Salvation Army Keeps Doors Open for South Mississippi's Homeless - WLOX.com - The News for South Mississippi

Salvation Army Keeps Doors Open for South Mississippi's Homeless

When the temperature gets low, the homeless flock to the Salvation Army to stay warm.

"Our numbers are way up here, because there's no place else for them to go," Salvation Army Captain Andy Collette says.

Since Katrina, the Pascagoula shelter is the only one still standing.

"We have 46 bed facilities. We've had 8, 9 people on the floor already, we know tonight is going to be much bigger," Collette says.

"Suppertime!" one volunteer calls to let everyone know it's time to eat.

With supper lines this long, the Salvation Army fights the cold snap with a warm meal, free shelter, and encouragement for all who stop by.

"Homeless people who are currently living in a tent city or a bridge or under a tree, wherever they can find shelter.

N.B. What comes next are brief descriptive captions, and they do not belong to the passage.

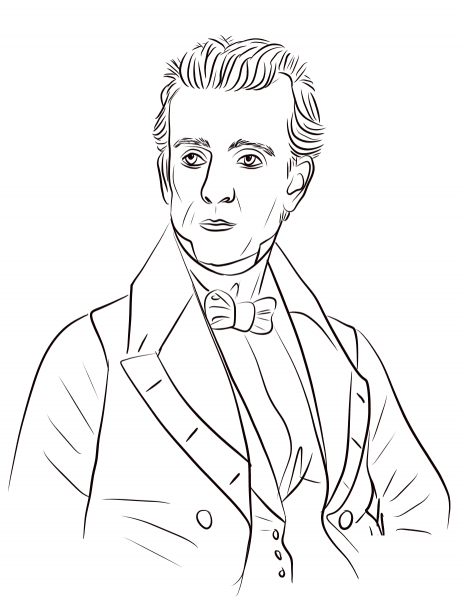 James K. Polk coloring page image
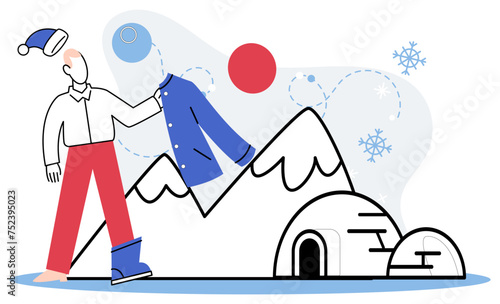 Climate warming vector illustration. Global warming, like silent intruder, stealthily infiltrates sacred realms our planetary ecology The ecological rhythm wavers as carbon dioxide and pollution paint
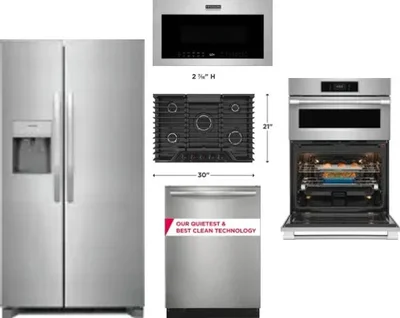 5 Piece Package Includes Refrigerator, Cooktop, Wall Oven, Microwave And Dishwasher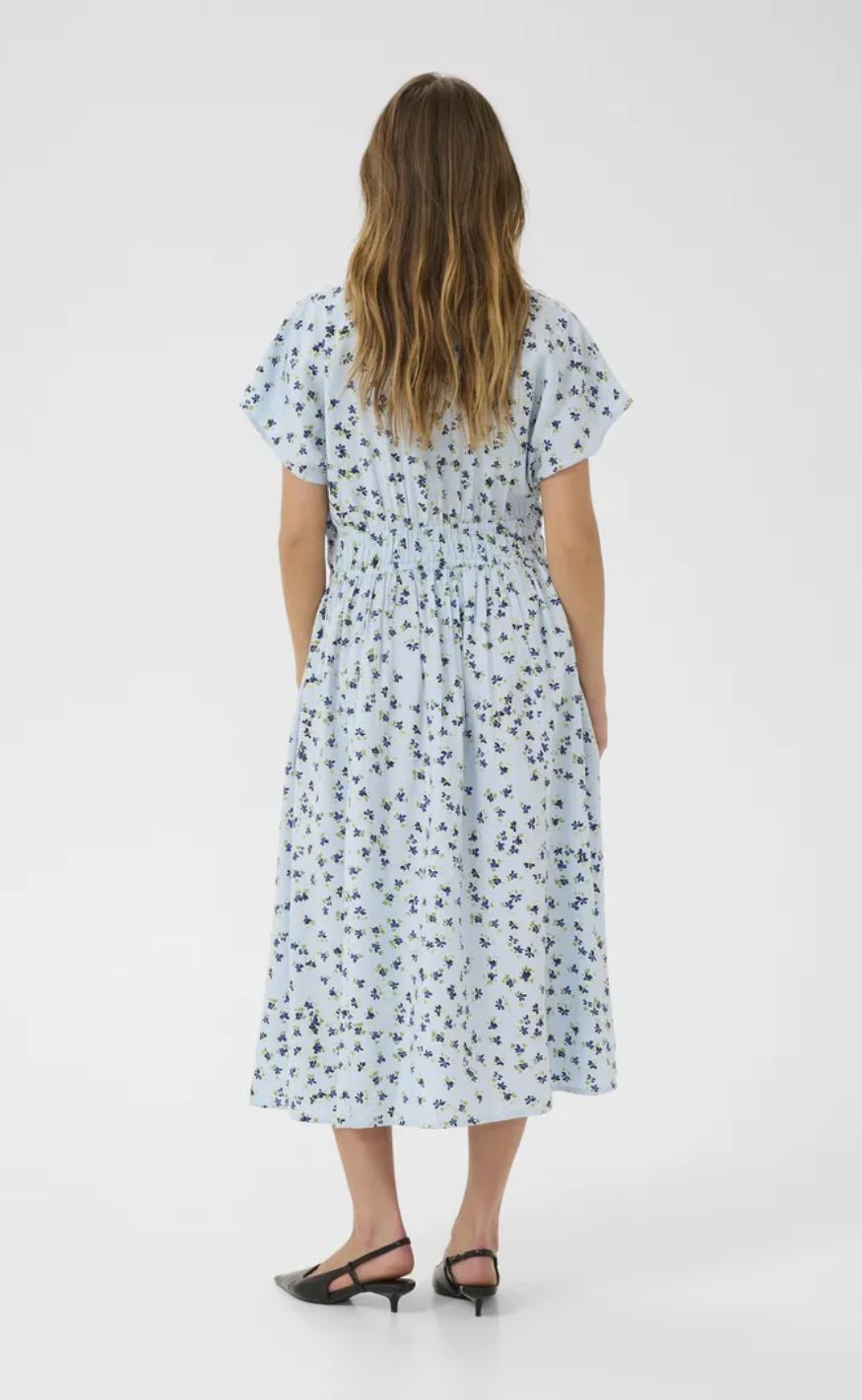 Culture Kjole - Puglia Gally Long - Blue flower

Those people tonight are the people who we want to help, so we can bring them in and give them a place to stay," Collette says.

In a few hours, fifteen beds will be placed on the living room floor, giving more than a dozen people a place to rest. Captain Collette says he and his staff have a chance to cater to a few other voids in his visitor's lives. 

"Soup, soap, and salvation. We're gonna get two of those tonight for everyone that comes in. If they stay with us on a Wednesday night or a Sunday, then the salvation option is available too," Collette says.  

Plenty of people are taking the Salvation Army up on that offer. Captain Collete estimates that 60 people will fill this shelter beyond capacity for this hard freeze...and that's something that fill his heart with joy.

"If we can create just that much hope in their heart and their mind, just to stall them at the door for 5 seconds, then maybe just maybe we can get them saved, physically, emotionally, and spiritually. We can get them back on their feet. And if we can do that, it's an awesome success, it's awesome," Collette says.

Captain Collette says most of the people who stay in his shelter have jobs. But the lack of affordable housing since Katrina keeps them from having a place to call their own.